Co-director Serge Velez.


Ensemble member Emily Munguia in the green room.


Emily with ensemble member Amanda Williams.


Ensemble member Francisco Espinoza.


Ensemble member Gilbert Arias with co-director Dan Friedman.


Ensemble member Eugene Clowney with co-director Brian Mullin.


Francisco with co-director Sita Sarkar.

3 comments:

Anonymous said...

OMG, i love these pics, isnt there more, you should really put more. I put some of these on my myspace lol

Anonymous said...

I was an audience member at the Castillo Theater Saturday night. I read this blog and its links prior to coming to the performance. It was great to read Langston Hughes poem again--less so, Allen Ginsberg's.
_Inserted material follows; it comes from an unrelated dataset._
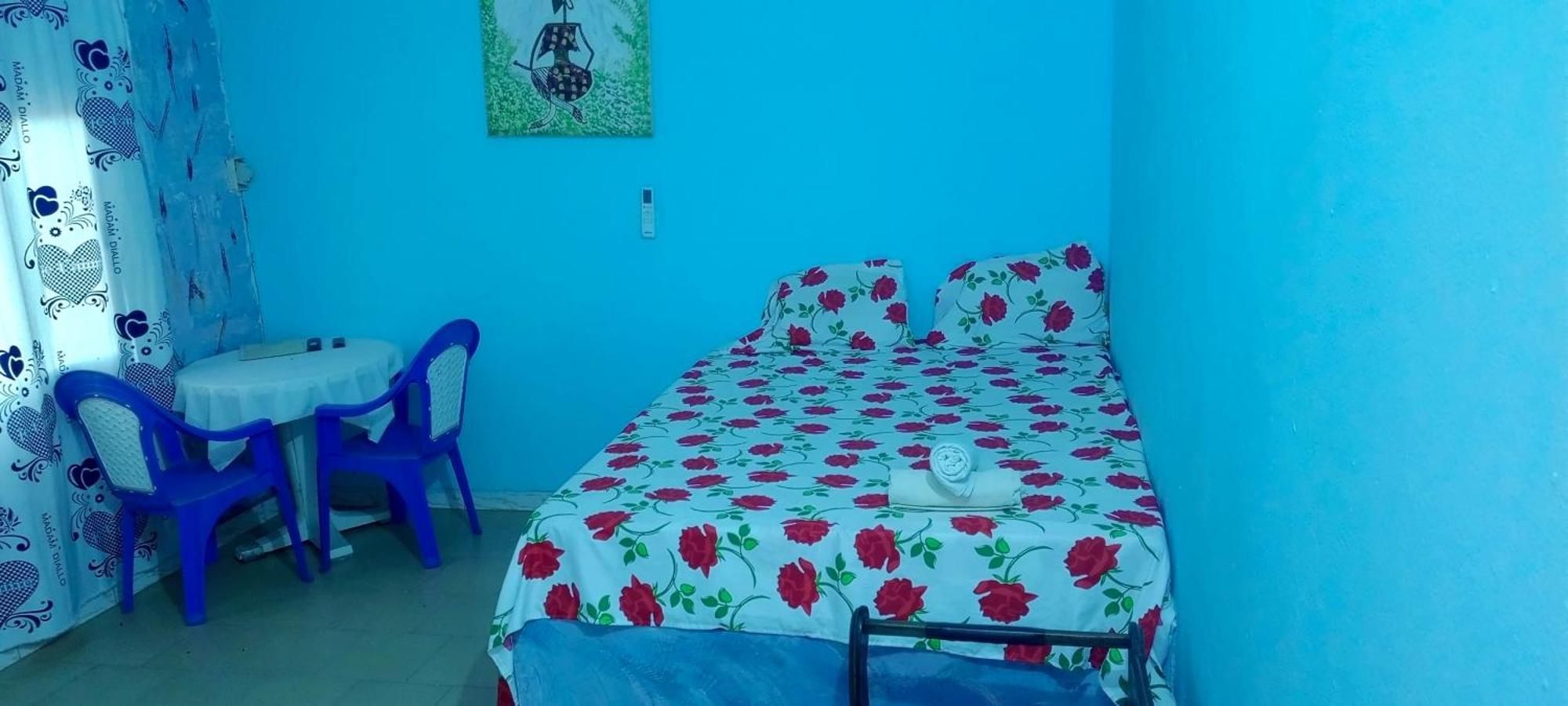 Chez Paolo Hotel Toubab Dialao Bagian luar foto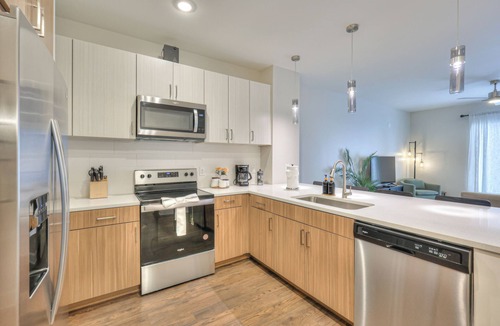 The Gulch Apartment | 10 Minute or less away from Broadway, The Ryman, and the Country Music Hall of Fame| Stylish 1 bedroom |Heated Infinity pool | Game room | Music Studio | Fire Pit.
Subsequently I have thought about how the cast and directors have defined the concept of "a conversation" relative to this production. Depending on what evolves from this blog it feels to me that the play might better be titled "America (our conversation)". Regardless, the conversation that was acted out was/is a good one. If only the baby boom generation would have a similar conversation about "America." If only we could have a conscious conversation about ourselves, our country, and our government (we are all living in our unconscious one!).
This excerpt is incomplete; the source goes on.